Acts 16:11-15 The Conversion of Lydia
11 Setting sail therefore from Tro′as, we made a direct voyage to Sam′othrace, and the following day to Ne-ap′olis, 12 and from there to Philippi, which is the leading city of the district of Macedo′nia, and a Roman colony. We remained in this city some days; 13 and on the sabbath day we went outside the gate to the riverside, where we supposed there was a place of prayer; and we sat down and spoke to the women who had come together. 14 One who heard us was a woman named Lydia, from the city of Thyati′ra, a seller of purple goods, who was a worshiper of God. The Lord opened her heart to give heed to what was said by Paul. 15 And when she was baptized, with her household, she besought us, saying, “If you have judged me to be faithful to the Lord, come to my house and stay.” And she prevailed upon us.

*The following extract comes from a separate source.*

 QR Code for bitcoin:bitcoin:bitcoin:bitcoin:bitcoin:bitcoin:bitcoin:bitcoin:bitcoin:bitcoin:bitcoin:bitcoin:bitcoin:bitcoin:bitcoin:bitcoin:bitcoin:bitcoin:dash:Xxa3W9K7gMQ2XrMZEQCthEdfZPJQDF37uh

Saint Lydia, “Equal to the Apostles” (May 20) is considered the first convert to Christ in Europe. She was a “worshipper of God” when Paul first met her, meaning that she was a Gentile who was devoted to the God of Israel and participated in Jewish worship. The group met at the river most likely because there was no synagogue in Phillipi and because “living water” was an important feature of ritual washing in Jewish life.
Gentiles—and women especially—were attracted to Judaism for its monotheism, ancient tradition and strong moral values. In fact, the 1st century Jewish historian Josephus notes that the wives of many Romans in Damascus “were almost all of them addicted to the Jewish religion” (Jewish Wars, 2.560.) Although polytheism was still the public practice, this was increasingly being reinterpreted within a monotheistic philosophical framework.
Lydia was also a woman of means (perhaps a widow, but not necessarily), a business-owner with servants, a large home and the freedom, authority and respectability to invite (and prevail upon) a party of men to stay at her house. Her home in Phillipi became the center of the fledgling Christian community and a prime example of the success of house churches as a pattern for mission.
As the Orthodox Study Bible notes here, “Paul is the church planter par excellence, and his work remains the model for building churches. He starts with people already attuned to God and expands for them the fullness of the gospel message.”
Yesterday the officers met with Metropolitan Tikhon to catch up after two weeks of intense activity and travels.
Today we will celebrate Mid-Pentecost in Saint Sergius chapel. His Beatitude then heads for Washington, DC for tomorrow’s commemoration of the Armenian Genocide at the National Cathedral.